Selon le chercheur, cette initiative représenterait une violation caractérisée des libertés fondamentales, notamment le droit d’association et d’expression. Il appelle les dirigeants de la transition à mettre fin au durcissement du climat politique et à garantir le respect des droits des opposants, des militants et des défenseurs des droits humains.
Une menace pour l’ordre constitutionnel et international
Le projet de dissolution entrerait en contradiction directe avec la Constitution adoptée en 2023. Ce texte fondamental assure explicitement l’existence des organisations politiques et leur permet de mener leurs activités librement, dans le cadre légal établi.
Par ailleurs, une telle mesure bafouerait les engagements internationaux du Mali. Le pays est en effet signataire de la Charte africaine des droits de l’homme et des peuples ainsi que du Pacte international relatif aux droits civils et politiques, deux instruments juridiques incompatibles avec l’interdiction des partis.
Un climat de répression politique croissant
Depuis le début de l’année 2024, les autorités militaires ont multiplié les mesures restrictives à l’encontre de la classe politique. Entre avril et juillet 2024, un décret avait déjà suspendu les activités des partis et des associations à visée politique, tout en restreignant la couverture médiatique de ces sujets. Cette période faisait suite aux appels de plusieurs mouvements pour un retour rapide à l’ordre constitutionnel via l’organisation d’élections.

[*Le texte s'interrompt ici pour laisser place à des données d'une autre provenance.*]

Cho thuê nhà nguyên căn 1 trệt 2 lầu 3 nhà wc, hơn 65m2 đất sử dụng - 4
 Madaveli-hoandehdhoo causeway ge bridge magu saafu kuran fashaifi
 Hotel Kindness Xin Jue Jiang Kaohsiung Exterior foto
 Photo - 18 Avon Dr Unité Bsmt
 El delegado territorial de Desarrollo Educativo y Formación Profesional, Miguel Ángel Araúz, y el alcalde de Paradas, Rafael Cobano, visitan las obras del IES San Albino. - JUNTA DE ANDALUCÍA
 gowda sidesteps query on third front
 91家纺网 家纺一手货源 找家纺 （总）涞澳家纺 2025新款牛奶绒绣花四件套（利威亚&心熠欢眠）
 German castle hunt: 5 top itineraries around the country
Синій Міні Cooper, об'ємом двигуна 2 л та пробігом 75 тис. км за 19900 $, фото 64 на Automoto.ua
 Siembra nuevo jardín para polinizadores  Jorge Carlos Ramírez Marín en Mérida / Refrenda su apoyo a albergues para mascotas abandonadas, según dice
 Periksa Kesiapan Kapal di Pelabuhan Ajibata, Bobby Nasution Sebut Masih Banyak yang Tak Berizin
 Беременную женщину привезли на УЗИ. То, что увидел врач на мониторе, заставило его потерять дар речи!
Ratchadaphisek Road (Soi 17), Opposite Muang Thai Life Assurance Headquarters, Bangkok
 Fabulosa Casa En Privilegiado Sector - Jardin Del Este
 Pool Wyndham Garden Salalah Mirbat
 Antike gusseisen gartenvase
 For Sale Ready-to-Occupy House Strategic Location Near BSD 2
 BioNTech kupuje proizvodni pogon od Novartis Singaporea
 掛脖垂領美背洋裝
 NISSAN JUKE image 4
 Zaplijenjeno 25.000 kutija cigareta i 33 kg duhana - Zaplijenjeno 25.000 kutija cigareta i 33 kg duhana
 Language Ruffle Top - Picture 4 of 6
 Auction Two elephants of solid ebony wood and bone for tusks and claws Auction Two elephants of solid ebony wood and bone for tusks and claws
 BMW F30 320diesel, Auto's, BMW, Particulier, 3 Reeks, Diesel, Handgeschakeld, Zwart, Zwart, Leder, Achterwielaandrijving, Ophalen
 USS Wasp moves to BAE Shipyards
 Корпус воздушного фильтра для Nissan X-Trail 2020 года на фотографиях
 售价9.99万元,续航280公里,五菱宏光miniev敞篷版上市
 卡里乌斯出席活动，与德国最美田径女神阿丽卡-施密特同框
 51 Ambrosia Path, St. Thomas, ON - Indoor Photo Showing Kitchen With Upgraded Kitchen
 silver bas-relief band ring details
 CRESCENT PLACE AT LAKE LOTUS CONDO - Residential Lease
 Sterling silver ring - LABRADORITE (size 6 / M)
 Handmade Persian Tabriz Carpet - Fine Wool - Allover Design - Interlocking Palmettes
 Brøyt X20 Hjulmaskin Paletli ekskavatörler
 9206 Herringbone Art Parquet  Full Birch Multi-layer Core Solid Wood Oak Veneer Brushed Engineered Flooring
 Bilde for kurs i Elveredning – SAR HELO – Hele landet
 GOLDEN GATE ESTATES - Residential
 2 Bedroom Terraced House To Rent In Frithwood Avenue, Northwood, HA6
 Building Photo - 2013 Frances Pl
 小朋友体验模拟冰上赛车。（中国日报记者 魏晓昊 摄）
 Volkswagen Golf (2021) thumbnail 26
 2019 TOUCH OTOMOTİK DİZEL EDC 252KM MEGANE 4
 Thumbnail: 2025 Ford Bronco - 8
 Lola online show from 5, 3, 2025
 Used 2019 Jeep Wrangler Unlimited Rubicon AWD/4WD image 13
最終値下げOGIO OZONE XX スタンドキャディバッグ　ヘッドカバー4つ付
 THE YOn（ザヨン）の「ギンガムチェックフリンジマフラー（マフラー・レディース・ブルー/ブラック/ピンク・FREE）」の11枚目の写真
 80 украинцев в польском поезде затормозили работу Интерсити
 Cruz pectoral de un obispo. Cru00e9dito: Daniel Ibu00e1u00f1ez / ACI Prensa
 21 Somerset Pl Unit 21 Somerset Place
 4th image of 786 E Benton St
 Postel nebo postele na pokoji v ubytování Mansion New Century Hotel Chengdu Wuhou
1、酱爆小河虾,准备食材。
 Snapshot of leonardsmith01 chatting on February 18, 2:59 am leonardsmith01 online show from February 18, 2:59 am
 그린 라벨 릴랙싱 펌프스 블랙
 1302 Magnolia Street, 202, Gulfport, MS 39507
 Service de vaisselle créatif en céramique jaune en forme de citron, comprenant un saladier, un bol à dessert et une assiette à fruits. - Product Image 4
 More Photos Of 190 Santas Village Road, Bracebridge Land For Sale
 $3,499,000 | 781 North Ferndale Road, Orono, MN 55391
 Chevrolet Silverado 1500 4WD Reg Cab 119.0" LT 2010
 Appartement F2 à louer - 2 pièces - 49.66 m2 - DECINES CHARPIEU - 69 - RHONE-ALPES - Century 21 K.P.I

Le dialogue national de mai 2024, bien que boudé par une grande partie de l’opposition, a préconisé une prolongation de la transition jusqu’à une stabilisation complète. Parmi les suggestions figuraient également le durcissement des critères de création des partis et la fin de leur financement par les fonds publics.
Enfin, la détention de onze dirigeants politiques en juin 2024, accusés de complot et d’opposition à l’autorité légitime, illustre cette tension. Bien qu’ils aient été libérés provisoirement en décembre 2024, ces événements soulignent l’étroitesse croissante de l’espace civique au Mali.